→ Information:
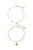 Blue Third Eye & Crystal Horn 18k Gold Plated Anklet Set of 2 - Gold
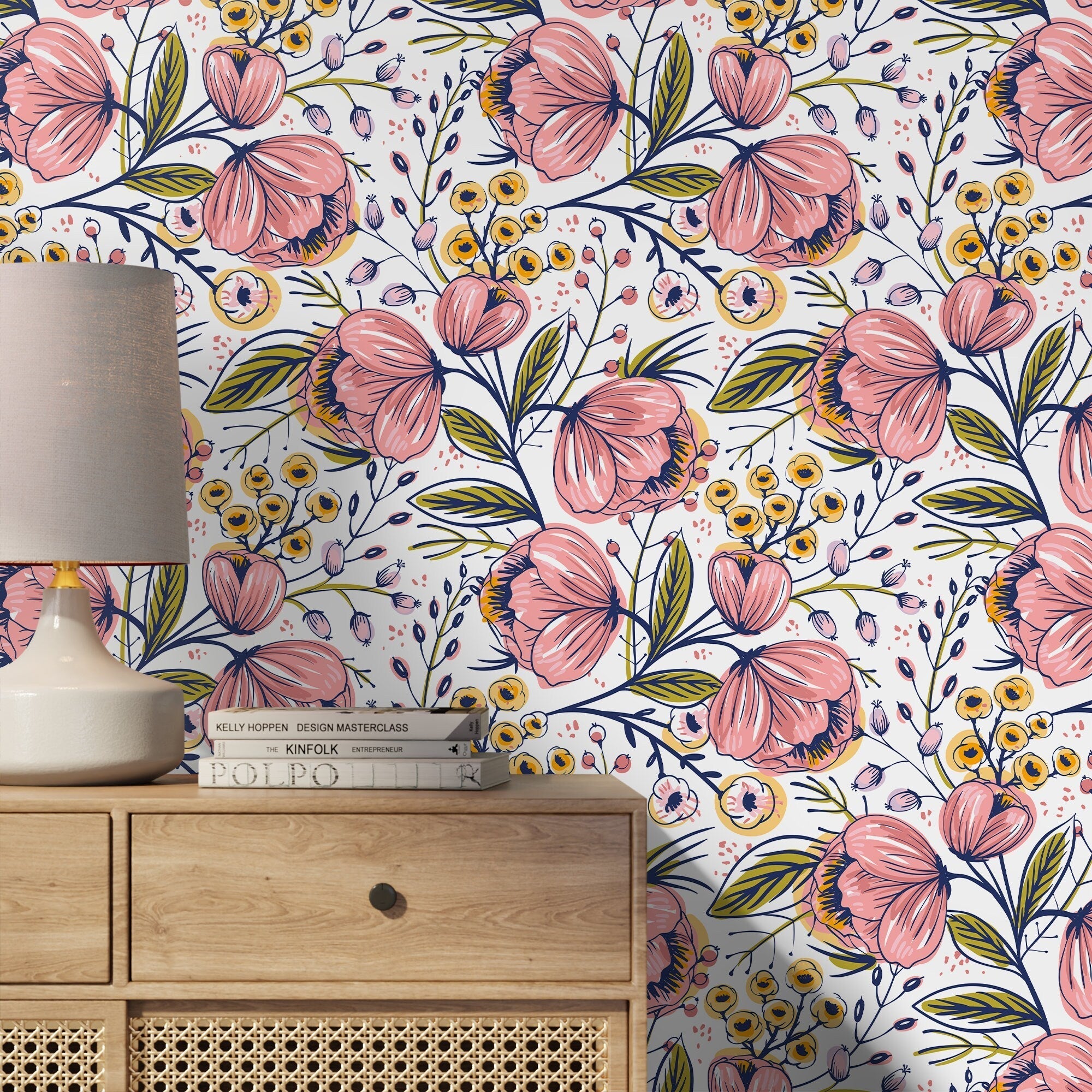 Floral Wallpaper With Stylized Blooms In Pink, Yellow, And Blue - A692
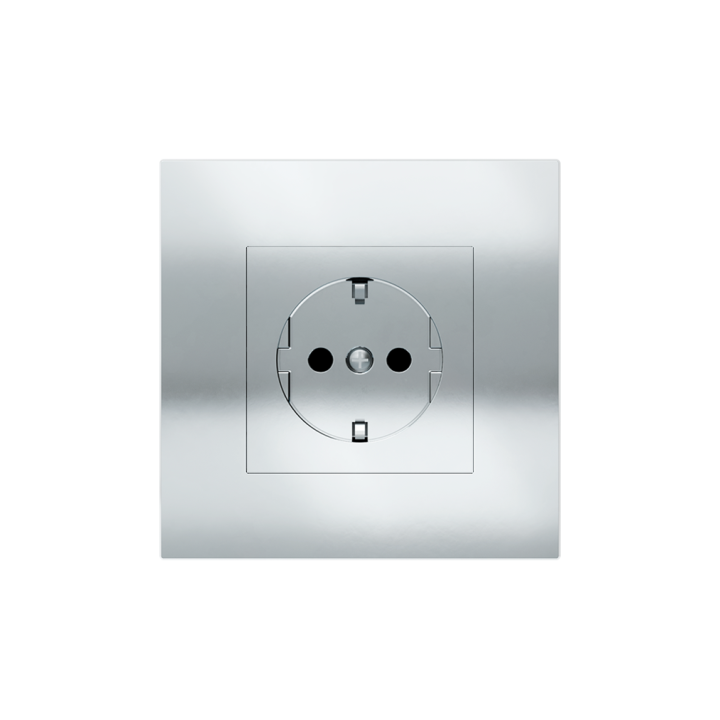 Square Plate Surface (71/20Venti) (98x98) 1 window (55x55) Metal HT Chrome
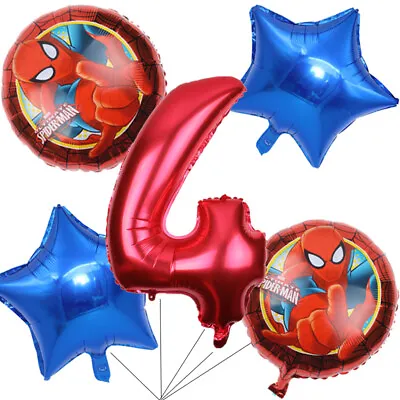 $4.99 • Buy Spiderman Balloons Bouquet 4th Birthday 5 Pcs - Party Supplies Decoration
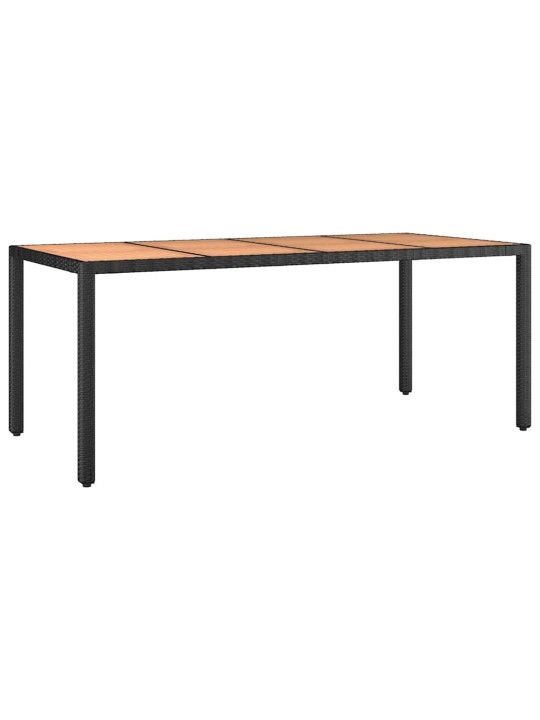 9dílný zahradní bistro set s poduškami černý polyratan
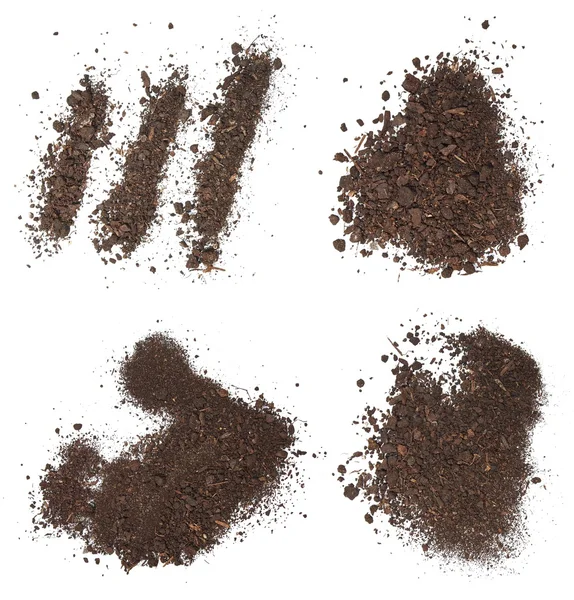 Set pile dirt isolated on white background with clipping path, (high resolution) — Stock Photo, Image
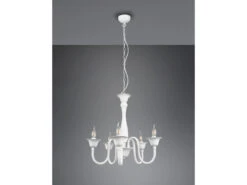 MeineWunschleuchte LED Kronleuchter Im Landhausstil, 5-flammig Stehend Ø 56cm, Weiß -Heimbeleuchtung Angebote led kronleuchter im landhausstil 5 flammig stehend 6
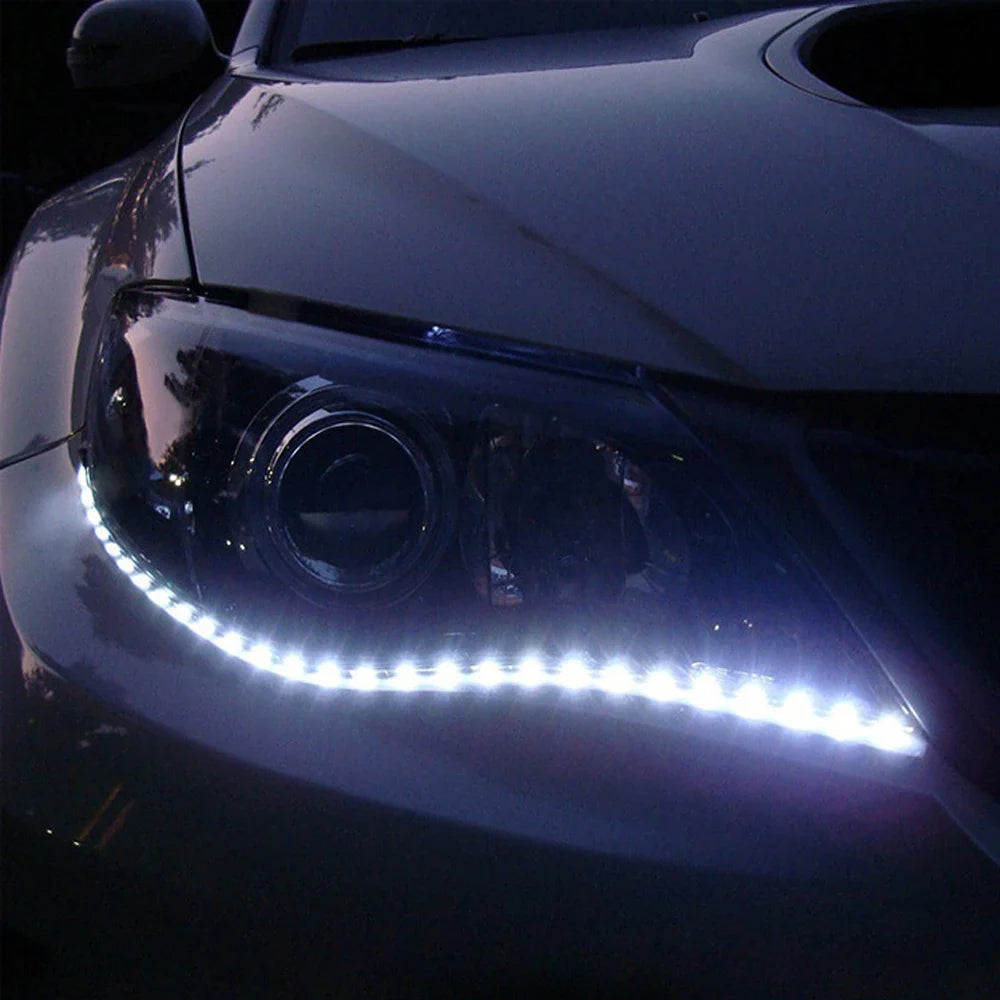 2X 30cm Car LED Strip Lights DRL | Flexible Ambient Decorative Atmosphere Lamp for 12V Vehicles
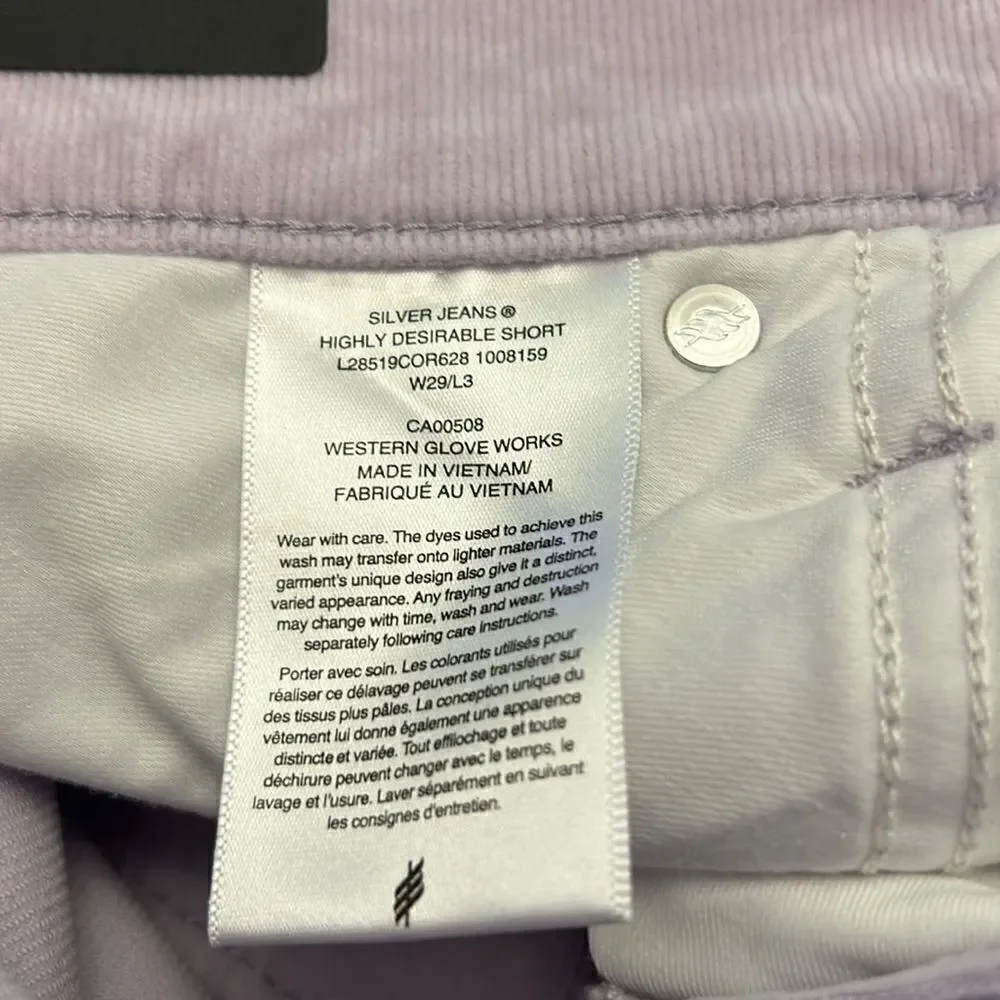 Silver Jeans Co lavender corduroy high rise eco friendly shorts Size 29 New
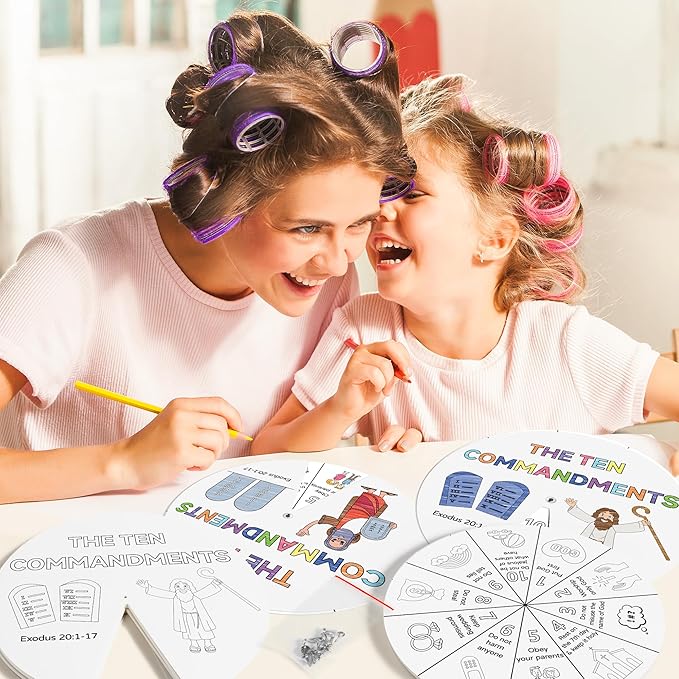 COcnny Ten Commandments Coloring Craft - 24 Sets Color Your Own Religious Art Wheel Kit for Kids, 10 Commandments DIY Craft Art Cards for Sunday School Christian Classroom Home Activities VBS Supplies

→ Activity: Verbatim copy without images: write the records above out in full.

→ Exercise answer:
 Blue Third Eye & Crystal Horn 18k Gold Plated Anklet Set of 2 - Gold
 Floral Wallpaper With Stylized Blooms In Pink, Yellow, And Blue - A692
 Square Plate Surface (71/20Venti) (98x98) 1 window (55x55) Metal HT Chrome
 $4.99 • Buy Spiderman Balloons Bouquet 4th Birthday 5 Pcs - Party Supplies Decoration
 9dílný zahradní bistro set s poduškami černý polyratan
 Set pile dirt isolated on white background with clipping path, (high resolution) — Stock Photo, Image
 MeineWunschleuchte LED Kronleuchter Im Landhausstil, 5-flammig Stehend Ø 56cm, Weiß -Heimbeleuchtung Angebote led kronleuchter im landhausstil 5 flammig stehend 6
 2X 30cm Car LED Strip Lights DRL | Flexible Ambient Decorative Atmosphere Lamp for 12V Vehicles
 Silver Jeans Co lavender corduroy high rise eco friendly shorts Size 29 New
 COcnny Ten Commandments Coloring Craft - 24 Sets Color Your Own Religious Art Wheel Kit for Kids, 10 Commandments DIY Craft Art Cards for Sunday School Christian Classroom Home Activities VBS Supplies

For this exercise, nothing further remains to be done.